A tale of 76,000 women
Tuesday, 12 October 2021, 1pm to 2pm
Preeclampsia is a complication of pregnancy that affects 3-5 % of women worldwide. It is one of the leading causes of maternal deaths and premature birth. It is diagnosed by elevated blood pressure (>140/90 mmHg), proteinuria and end-organ damage. The placenta is involved in this disease process though we are not entirely sure how. However, one newly emerging theory is the role of extracellular vesicles STB-EVs which are membrane-bound biomolecules that range between 30-1000 nm in size released by the placenta and detected in the circulation.

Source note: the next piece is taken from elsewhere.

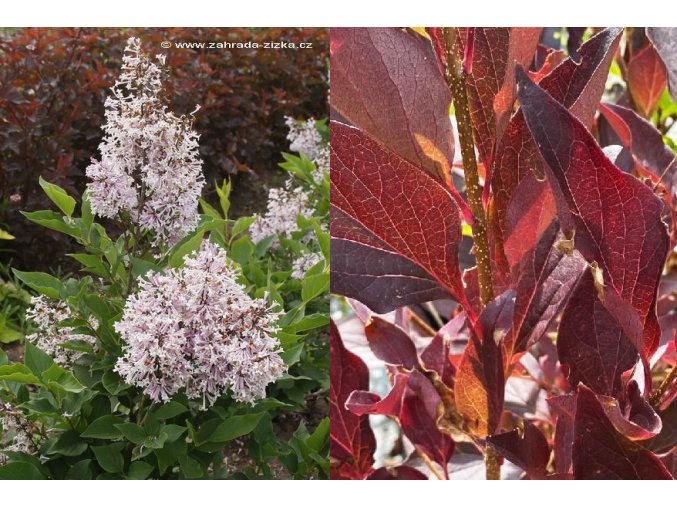 Syringa 'Josée' - šeřík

STB-EVs have been reported to be higher in the circulation in PE compared to Normal. In addition, the phenotype of the STBEVs is believed to be different in PE compared to NP. However, it is unclear if the clinical manifestations attributable to STBEVs in PE is because more STBEVs are more abundant or because they are of a different phenotype or a combination of both. My work is hoping to build on the second premise.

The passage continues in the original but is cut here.